You wouldn’t think it if you looked at them — their candy shells are still so smooth! — but M&M’S turns 75 this year. The brand has been celebrating with high-profile music videos by musicians including Zedd and Aloe Blacc:
And remix artist Pogo!
Watching these two videos, which feature clips from classic M&M’S TV commercials, got me thinking: What aspects of today’s cultural landscape will (or will not) survive until 2091, aka 75 years from now? Let’s find out.

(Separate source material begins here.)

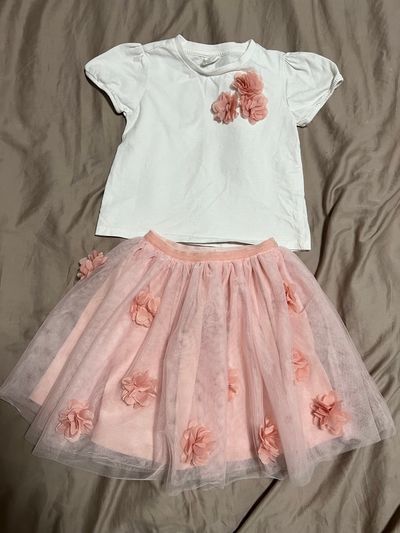 Cool club Cute set for a girl 2T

Though the first-ever “electronic mail” was sent way back in 1971, the idea of emailing as we know it didn’t take off until the 1990s; Hotmail, the first web-based email program, went live in 1996. Today, the average person sends and receives an incredible 212 emails a day. The bulk of that, though, comes from business users; people emailing friends and family is dropping off, in favor of texting and social media. Can business usage be far behind?
Going to the Movies
One of my best and earliest memories is seeing Willow on a massive single-screen rotunda theater. Though movie palaces like that are mostly long gone, they have been replaced by cineplexes with their own distinct appeal, from HD 3D projection to reserved seating in luxe leather recliners. And ticket revenues support the fact that, despite increasingly immersive home-entertainment options, people still want to go to the movies: Americans spent an incredible $11.1 billion on movie tickets last year.
Scope out the gridlocked highways into and out of any major American city at rush hour, and it becomes readily apparent that driving in the way we’ve been doing it since the automobile was first made available to the masses (in 1908) can’t hold out for much longer. That said, sci-fi has been promising us flying cars and other futuristic modes of transportation for so long that it’s possible this event horizon keeps getting pushed out forever.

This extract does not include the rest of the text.